What emerging technologies might enhance TEM8 antibody development and application?

Several emerging technologies hold promise for advancing TEM8 antibody development and application:

• Bispecific Antibody Platforms: Developing bispecific antibodies that simultaneously target TEM8 and immune effector cells (T cells, NK cells) could enhance therapeutic efficacy through direct immune recruitment to tumor stroma.

• Novel Payload Technologies: Beyond conventional cytotoxic agents, emerging payloads including immunomodulatory molecules, DNA-damaging agents, or targeted protein degraders could expand the therapeutic potential of TEM8 ADCs.

• Antibody Fragment and Alternative Scaffold Approaches: Smaller antibody formats or non-antibody scaffolds targeting TEM8 might offer advantages in tissue penetration, particularly for dense stromal tumors.

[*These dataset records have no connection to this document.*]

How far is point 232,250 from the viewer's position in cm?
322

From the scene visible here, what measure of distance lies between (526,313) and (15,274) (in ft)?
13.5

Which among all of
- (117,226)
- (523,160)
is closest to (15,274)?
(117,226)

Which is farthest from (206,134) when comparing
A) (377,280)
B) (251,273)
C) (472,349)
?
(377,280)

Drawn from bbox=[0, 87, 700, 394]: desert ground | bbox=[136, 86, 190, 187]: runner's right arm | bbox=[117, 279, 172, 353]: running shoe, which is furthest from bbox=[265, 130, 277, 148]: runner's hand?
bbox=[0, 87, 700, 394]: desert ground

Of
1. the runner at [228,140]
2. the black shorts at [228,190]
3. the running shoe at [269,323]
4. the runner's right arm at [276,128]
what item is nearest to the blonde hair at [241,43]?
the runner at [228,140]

• Advanced Imaging Applications: TEM8 antibodies conjugated to novel imaging agents could facilitate non-invasive assessment of the tumor microenvironment, potentially enabling patient selection and response monitoring.

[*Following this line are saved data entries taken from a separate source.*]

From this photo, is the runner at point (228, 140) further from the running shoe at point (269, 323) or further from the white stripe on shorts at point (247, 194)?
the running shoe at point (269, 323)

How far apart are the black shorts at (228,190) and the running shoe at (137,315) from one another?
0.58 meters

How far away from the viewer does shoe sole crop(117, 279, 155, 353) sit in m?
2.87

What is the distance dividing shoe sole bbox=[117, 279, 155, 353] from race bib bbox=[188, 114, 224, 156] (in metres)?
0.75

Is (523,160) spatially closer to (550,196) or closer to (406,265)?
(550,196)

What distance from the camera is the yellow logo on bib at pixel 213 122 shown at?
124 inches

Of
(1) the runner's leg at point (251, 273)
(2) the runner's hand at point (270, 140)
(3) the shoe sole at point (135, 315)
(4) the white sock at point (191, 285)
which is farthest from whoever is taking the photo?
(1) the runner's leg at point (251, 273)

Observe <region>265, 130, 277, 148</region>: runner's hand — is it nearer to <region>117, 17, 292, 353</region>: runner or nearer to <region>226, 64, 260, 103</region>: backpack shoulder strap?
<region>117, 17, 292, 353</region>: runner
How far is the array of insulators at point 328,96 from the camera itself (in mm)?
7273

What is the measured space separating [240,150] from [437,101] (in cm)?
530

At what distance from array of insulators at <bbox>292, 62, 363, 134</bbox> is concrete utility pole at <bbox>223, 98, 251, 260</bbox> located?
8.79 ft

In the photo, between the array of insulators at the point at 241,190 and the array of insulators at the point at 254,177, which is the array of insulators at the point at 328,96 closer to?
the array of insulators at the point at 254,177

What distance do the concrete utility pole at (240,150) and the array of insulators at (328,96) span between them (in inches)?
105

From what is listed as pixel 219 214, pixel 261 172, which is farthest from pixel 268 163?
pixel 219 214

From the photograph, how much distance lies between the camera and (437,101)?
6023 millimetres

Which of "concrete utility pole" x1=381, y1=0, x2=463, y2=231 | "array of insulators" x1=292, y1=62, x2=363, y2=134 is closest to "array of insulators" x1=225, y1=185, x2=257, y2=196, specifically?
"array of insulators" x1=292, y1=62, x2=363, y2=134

• CRISPR-Based Functional Genomics: Systematic CRISPR screening approaches could identify synthetic lethal interactions with TEM8 inhibition, informing rational combination strategies.

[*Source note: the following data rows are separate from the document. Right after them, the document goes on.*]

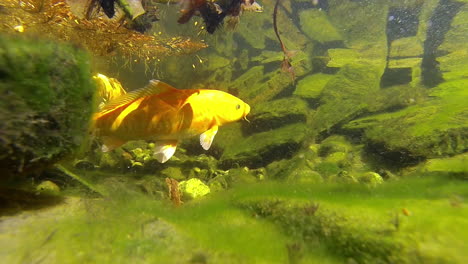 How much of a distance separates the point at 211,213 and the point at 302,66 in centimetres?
893

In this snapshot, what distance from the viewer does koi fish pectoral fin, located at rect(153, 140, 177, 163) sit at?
385 cm

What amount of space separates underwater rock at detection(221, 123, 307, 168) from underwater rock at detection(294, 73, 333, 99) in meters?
2.39

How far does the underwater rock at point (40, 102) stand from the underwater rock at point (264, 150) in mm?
3623

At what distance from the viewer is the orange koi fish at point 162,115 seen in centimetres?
349

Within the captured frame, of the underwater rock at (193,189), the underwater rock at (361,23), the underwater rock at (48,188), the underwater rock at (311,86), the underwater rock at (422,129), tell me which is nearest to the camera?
the underwater rock at (48,188)

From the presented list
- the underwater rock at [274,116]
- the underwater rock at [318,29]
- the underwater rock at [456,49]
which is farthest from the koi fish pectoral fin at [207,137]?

These technological advancements could significantly expand the utility and efficacy of TEM8-targeted therapeutic approaches in cancer.

What biomarkers might predict response to TEM8-targeted therapies?

Identifying predictive biomarkers for response to TEM8-targeted therapies represents a critical research priority. Potential biomarker approaches include:

• TEM8 Expression Profiling: Comprehensive assessment of TEM8 expression patterns across tumor and stromal compartments might predict therapeutic response. Techniques such as multiplex immunofluorescence or spatial transcriptomics could provide detailed spatial information about TEM8 distribution .

• Stromal Signature Assessment: Beyond TEM8 itself, broader stromal gene expression signatures might identify tumors particularly dependent on stromal support and thus potentially responsive to TEM8-targeted disruption.

• Immune Contexture Analysis: Characterization of pre-existing immune infiltrates and their relationship to TEM8-expressing stromal regions could inform combination strategies and identify patients likely to benefit from combined TEM8-immunotherapy approaches.

• Vascular Perfusion Markers: Since TEM8 was originally identified as a tumor endothelial marker, assessment of vascular architecture and function might correlate with response to TEM8-targeted therapies.

• M2-PK Levels: Given the interaction between TEM8 and the M2 isoenzyme of pyruvate kinase (M2-PK), measurement of circulating or tumor-associated M2-PK might serve as a biomarker for tumors particularly susceptible to TEM8-Fc intervention .

Integration of these biomarker approaches into early-phase clinical development will be essential for identifying patient populations most likely to benefit from TEM8-targeted therapeutic strategies.